Everything is a chance to do and be your best. Only self-absorbed assholes think they are too good for whatever their current station requires.

Respect the craft and make something beautiful.

Wherever we are, whatever we’re doing and wherever we are going, we owe it to ourselves, to our art, to the world to do it well. That’s our primary duty. And our obligation. When action is our priority, vanity falls away.

How you do anything, is how you do everything.

Because all we need to do is those three little duties — to try hard, to be honest, and to help others and ourselves. That’s all that’s been asked of us. No more and no less.

Not to give in to adversity, not to trust prosperity, and always take full note of fortune’s habit of behaving just as she pleases.

Will

This too shall pass.

—— Abraham Lincoln

If Perception and Action were the disciplines of the mind and the body, then Will is the discipline of the heart and the soul. The will is the one thing we control completely, always.

In a world where we can beam documents around the world in nanoseconds, chat in high-definition video with anyone anywhere, predict the weather down to the minute, it’s very easy to internalize the assumption that nature has been domesticated and submits to our whim. Of course, it hasn’t.

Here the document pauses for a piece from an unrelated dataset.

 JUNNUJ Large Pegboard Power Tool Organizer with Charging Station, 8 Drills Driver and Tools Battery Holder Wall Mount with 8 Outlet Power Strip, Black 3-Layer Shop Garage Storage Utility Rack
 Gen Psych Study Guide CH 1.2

We forget how light our grip on life really is. Otherwise, we wouldn’t spend so much time obsessing over trivialities. All of these are negated by death. All these assumptions presume that death won’t affect us, or at least, not when we don’t want it to. The paths of glory, Thomas Gray wrote, lead but to the grave.

Correct action depends upon focusing on the process and living within each moment of that process.

Reminding ourselves each day that we will die helps us treat our time as a gift. Someone on a deadline doesn’t indulge himself with attempts at the impossible, he doesn’t waste time complaining about how he’d like things to be.

Each time, you’ll learn something. Each time, you’ll develop strength, wisdom, and perspective. Each time, a little more of the competition falls away. Until all that is left is you: the best version of you.

Knowing that life is a marathon and not a sprint is important. Conserve your energy. Understand that each battle is only one of many and that you can use it to make the next one easier. More important, you must keep them all in real perspective.